Short descriptive text snippets:
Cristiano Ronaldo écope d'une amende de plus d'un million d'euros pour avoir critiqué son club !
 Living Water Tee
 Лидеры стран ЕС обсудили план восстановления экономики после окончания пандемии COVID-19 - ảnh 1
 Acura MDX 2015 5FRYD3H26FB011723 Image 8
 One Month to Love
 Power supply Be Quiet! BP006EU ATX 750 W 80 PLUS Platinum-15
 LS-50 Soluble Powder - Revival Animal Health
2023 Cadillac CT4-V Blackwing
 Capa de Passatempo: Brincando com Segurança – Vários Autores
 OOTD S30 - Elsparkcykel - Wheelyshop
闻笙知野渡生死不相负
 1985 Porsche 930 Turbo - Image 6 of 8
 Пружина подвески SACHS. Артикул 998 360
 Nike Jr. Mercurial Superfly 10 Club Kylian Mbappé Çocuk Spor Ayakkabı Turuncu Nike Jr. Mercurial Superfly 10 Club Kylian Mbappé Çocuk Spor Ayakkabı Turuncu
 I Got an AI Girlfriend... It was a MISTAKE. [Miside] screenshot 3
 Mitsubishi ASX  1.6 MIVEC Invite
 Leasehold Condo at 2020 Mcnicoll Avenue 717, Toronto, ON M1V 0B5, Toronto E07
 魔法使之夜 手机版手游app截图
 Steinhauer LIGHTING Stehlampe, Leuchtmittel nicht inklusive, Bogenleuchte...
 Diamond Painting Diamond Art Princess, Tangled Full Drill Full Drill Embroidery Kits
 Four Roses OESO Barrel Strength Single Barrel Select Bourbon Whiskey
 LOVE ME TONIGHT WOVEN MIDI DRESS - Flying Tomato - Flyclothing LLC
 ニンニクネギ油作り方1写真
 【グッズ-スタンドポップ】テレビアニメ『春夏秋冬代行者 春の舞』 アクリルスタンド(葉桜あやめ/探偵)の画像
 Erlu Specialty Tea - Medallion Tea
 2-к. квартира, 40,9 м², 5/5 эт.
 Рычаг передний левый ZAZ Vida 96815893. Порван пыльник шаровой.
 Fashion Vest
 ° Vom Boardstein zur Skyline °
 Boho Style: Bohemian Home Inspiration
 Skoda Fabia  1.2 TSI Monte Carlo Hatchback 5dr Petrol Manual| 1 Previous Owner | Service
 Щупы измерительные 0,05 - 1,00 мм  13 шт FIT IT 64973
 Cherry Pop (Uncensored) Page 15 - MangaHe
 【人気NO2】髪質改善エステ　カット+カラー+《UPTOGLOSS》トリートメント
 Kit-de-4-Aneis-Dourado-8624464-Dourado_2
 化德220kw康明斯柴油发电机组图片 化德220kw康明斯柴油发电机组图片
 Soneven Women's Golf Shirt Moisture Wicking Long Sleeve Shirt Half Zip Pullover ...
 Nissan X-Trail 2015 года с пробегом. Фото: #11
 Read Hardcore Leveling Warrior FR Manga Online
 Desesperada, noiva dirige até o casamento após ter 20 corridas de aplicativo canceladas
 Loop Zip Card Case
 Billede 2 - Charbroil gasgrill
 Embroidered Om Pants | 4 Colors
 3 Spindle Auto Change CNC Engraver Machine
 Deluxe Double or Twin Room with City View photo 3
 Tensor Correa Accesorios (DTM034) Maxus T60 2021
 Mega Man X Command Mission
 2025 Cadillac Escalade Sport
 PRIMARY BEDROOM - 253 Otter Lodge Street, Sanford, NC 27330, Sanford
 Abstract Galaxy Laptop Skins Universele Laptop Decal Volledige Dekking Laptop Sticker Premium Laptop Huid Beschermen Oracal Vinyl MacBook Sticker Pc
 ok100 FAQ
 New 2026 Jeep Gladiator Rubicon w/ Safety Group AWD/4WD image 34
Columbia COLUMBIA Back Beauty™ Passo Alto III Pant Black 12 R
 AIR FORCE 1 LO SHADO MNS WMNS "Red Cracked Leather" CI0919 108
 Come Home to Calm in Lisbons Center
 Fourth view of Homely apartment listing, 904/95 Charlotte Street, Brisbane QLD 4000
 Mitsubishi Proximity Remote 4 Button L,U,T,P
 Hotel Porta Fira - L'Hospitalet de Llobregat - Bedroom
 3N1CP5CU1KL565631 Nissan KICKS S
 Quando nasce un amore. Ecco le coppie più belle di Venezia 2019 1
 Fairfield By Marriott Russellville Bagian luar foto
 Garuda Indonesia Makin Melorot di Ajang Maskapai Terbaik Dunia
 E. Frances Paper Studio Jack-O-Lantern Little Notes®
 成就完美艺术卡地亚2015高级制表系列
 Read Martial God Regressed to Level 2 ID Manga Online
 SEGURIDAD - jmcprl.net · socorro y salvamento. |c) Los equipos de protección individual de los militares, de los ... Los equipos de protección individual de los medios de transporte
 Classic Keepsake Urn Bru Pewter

→ **Exercise aim**
Only lines holding the word "Online" are wanted, so copy each of them from the records above.

→ **Completed task**
 Read Hardcore Leveling Warrior FR Manga Online
 Read Martial God Regressed to Level 2 ID Manga Online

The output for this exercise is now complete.